Prep 25 mins
Cook 0 mins
This Salad is very refreshing, Great for a summer day or with a Bar-B-Q, Fresh mangoes are hard to work with so mangoes in a jar are the way to go, make sure you wash off th syrup before slicing. Stevia is also sold in packets and 2 packets will do for this recipe. Time doesn't include standing time for vinegar mixture.
- 2 cups cucumbers, cubed 1/2 inch
- 1 1⁄2 cups mangoes, cubed 1/2 inch
- 1 1⁄2 lbs cooked shrimp (medium shrimp)

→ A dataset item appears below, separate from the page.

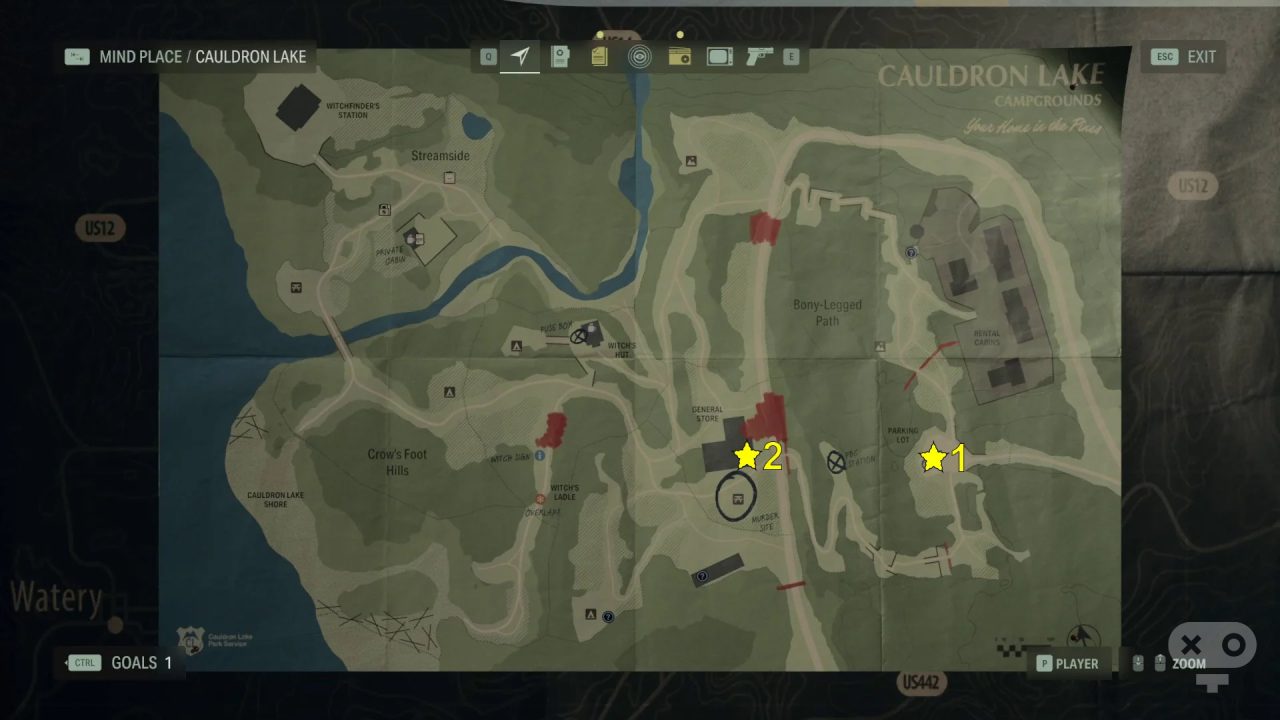 نقشه ها در بازی Alan Wake 2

- 3 tablespoons fresh dill, chopped
- 1 1⁄2 tablespoons white vinegar
- 1 tablespoon stevia
- 3 tablespoons Dijon mustard
- 3 tablespoons mayonnaise
- 1 dash tigar hot sauce
- 6 romaine lettuce leaves
- In a small bowl add vinegar and stevia let set for 20 minutes.

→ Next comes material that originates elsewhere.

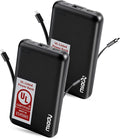 Miady 2-Pack UL Listed Small Portable Charger, 5000mAh Slim Power Bank Built-in 2 Cables Compatible with iPhone 17/16/15/14/13 Galaxy S24/S22 etc (2 Black)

- Mix in mayonnaise, mustard, fresh dill and a dash or two of hot sauce.
- In a large bowl add cucumber, mango and shrimp.
- Pour dressing over mixture.
- Serve on a romaine lettuce leaf.
I grew stevia in the garden this year and found this while searching for something to do with it. This is a wonderfully flavorful low-calorie/fat meal. I substituted low-fat mayo. The sauce is wonderfully creamy. I can't wait to serve this to guests on a summer day.

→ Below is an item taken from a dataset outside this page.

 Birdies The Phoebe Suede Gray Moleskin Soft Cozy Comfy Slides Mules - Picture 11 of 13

We had family company for a week and this meal was the hit of the week! Most delicious salad I have made in a long time. the combination of shimp, I used jumbo prawns, mango and cucumber, topped off with the dill dressing is perfection. I used splenda because that is what I use for everything. I will be making this again, thans for making me look good!!!